Statistical Machine Learning
Preface
Machine learning has been a hot topic in recent years. Due to its wide application, many people believe that it can do anything. This is a naive viewpoint. I myself have also been passively involved in some industry tasks that have nothing to do with machine learning.
In specific application scenarios, machine learning can solve problems that traditional mathematical methods cannot. I won't go into detail about which scenarios are suitable for machine learning and which scenarios are not, but if you are interested, we can discuss it. Actually, understanding the principles behind various algorithms and the development of classical mathematical disciplines will naturally lead to our own conclusions.
In fact, the algorithms of machine learning and many classical algorithms are similar and have a certain history, not just suddenly appeared recently. Around 2005, I myself began to pay attention to some interesting algorithms. However, I rarely spend time on mature commercial and open-source libraries. Because I am not a machine learning or statistical professional, at best I am just an enthusiast. Learning mature libraries is not meaningful to me, and understanding the principles seems to be more attractive to me.

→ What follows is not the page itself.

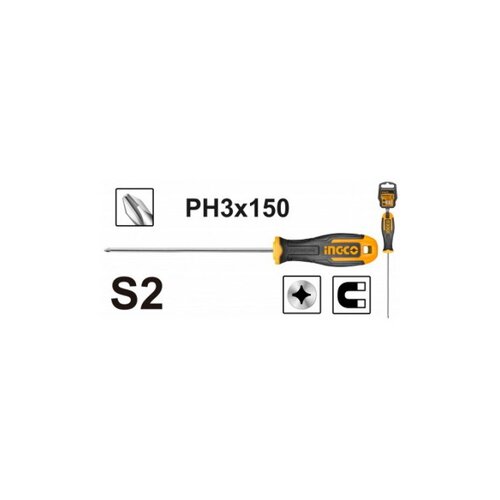 Ingco hs68ph3150 odvijač phillips ph3x150mm ( HS68PH3150 ) Cene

Only by understanding the principles can we distinguish ourselves from engineers who only know how to "tune parameters".
I have written several supervised learning algorithms before, but these algorithms only target specific examples. I have never had the courage to write a universal algorithm. Actually, writing a nearly universal algorithm is not difficult mathematically, but software development involves many skills and generality, which is a good way to kill brain cells.
There are also some algorithms that I know the method, but writing universal software is very complex, so I don't bother to write it. Mainly because there is no project task drive, I simply don't have the energy to write it. Thinking of the authors of many mature machine learning libraries, they not only need advanced programming skills, but also need to work hard and be familiar with statistical and mathematical knowledge.
Here, the main implementation is classical machine learning methods, and some emerging fashionable algorithms have not yet been written. Due to time constraints, updates may be slow.